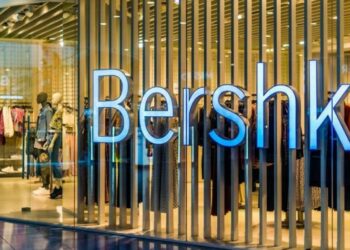 Bershka tiene el top ventas del Black Friday con esta genial sudadera del ‘Juego del calamar’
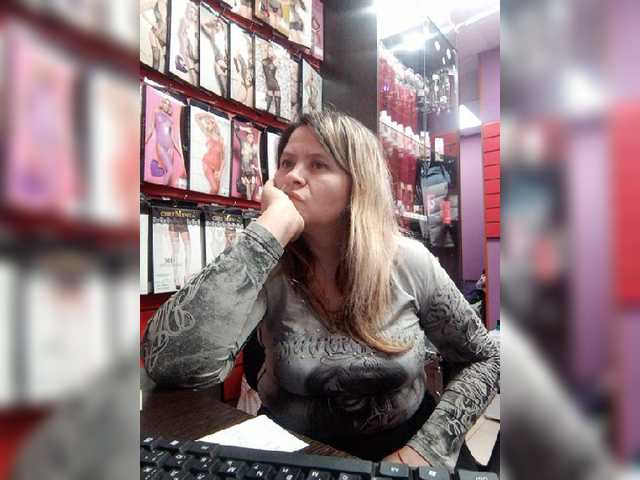 Live sex webcam photo for -Raven40- #272318740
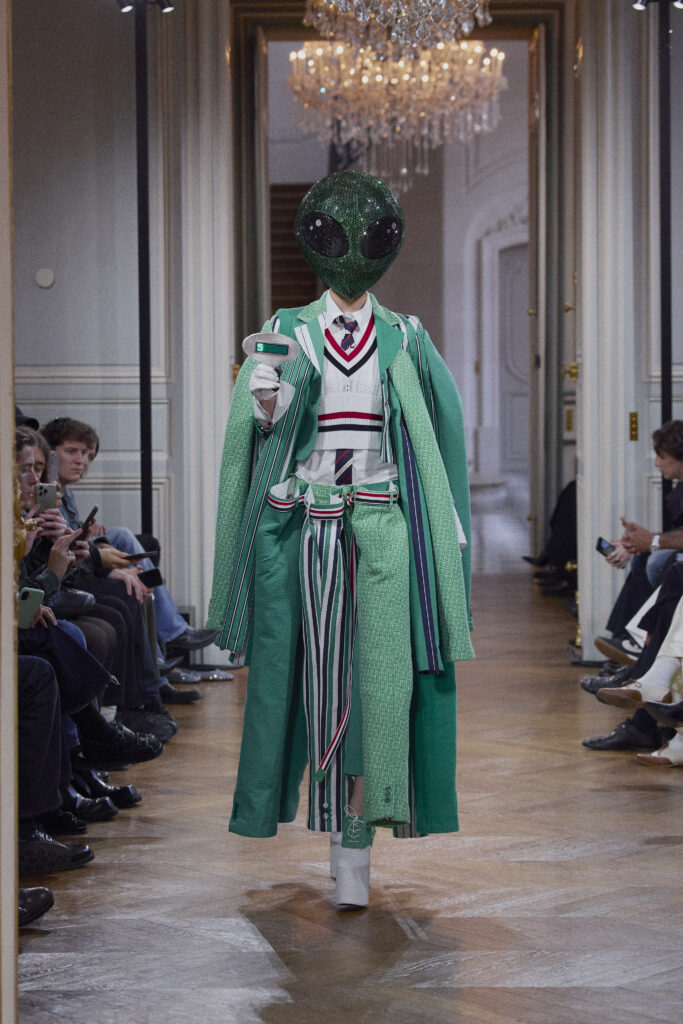 トム ブラウン(Thom Browne)2026年春夏コレクション──宇宙から届いたモードの宣言 24 Thom Browne SS26 2437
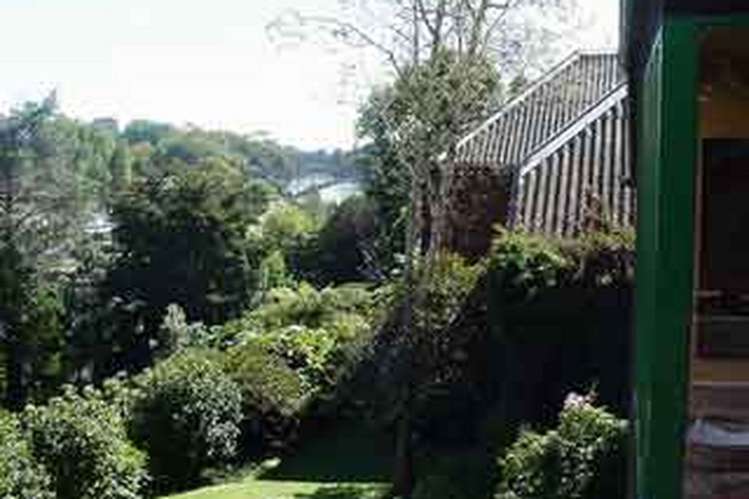 2/10 Cook Street Hamilton East_6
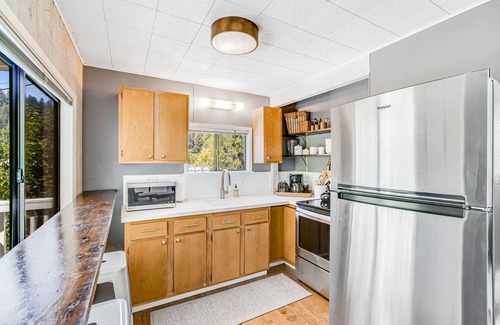 Guerneville Cottage | Vineyard view studio by Russian River w/private balcony, patio, grill, & WiFi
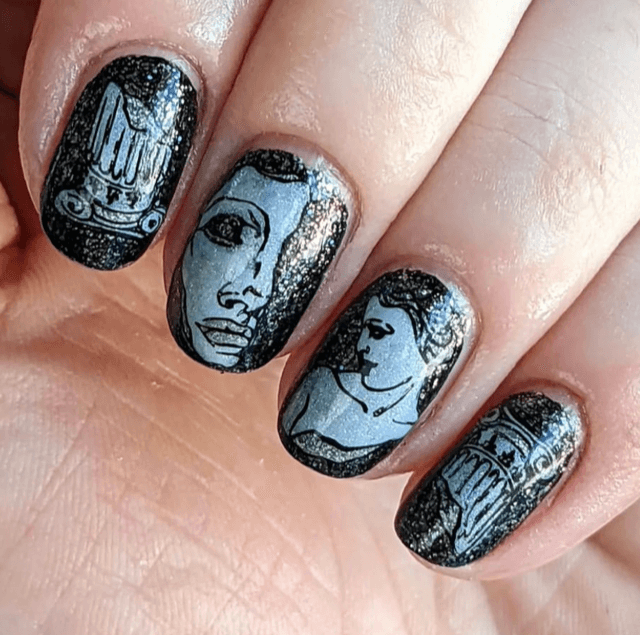 stunning-shimmery-manicure-showing-nail-art-designs-of-Greek-sculptures-and-columns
########
Could you write the entries out again exactly, without their pictures?

▶ **SOLUTION**
 Bershka tiene el top ventas del Black Friday con esta genial sudadera del ‘Juego del calamar’
 Live sex webcam photo for -Raven40- #272318740
 トム ブラウン(Thom Browne)2026年春夏コレクション──宇宙から届いたモードの宣言 24 Thom Browne SS26 2437
 2/10 Cook Street Hamilton East_6
 Guerneville Cottage | Vineyard view studio by Russian River w/private balcony, patio, grill, & WiFi
 stunning-shimmery-manicure-showing-nail-art-designs-of-Greek-sculptures-and-columns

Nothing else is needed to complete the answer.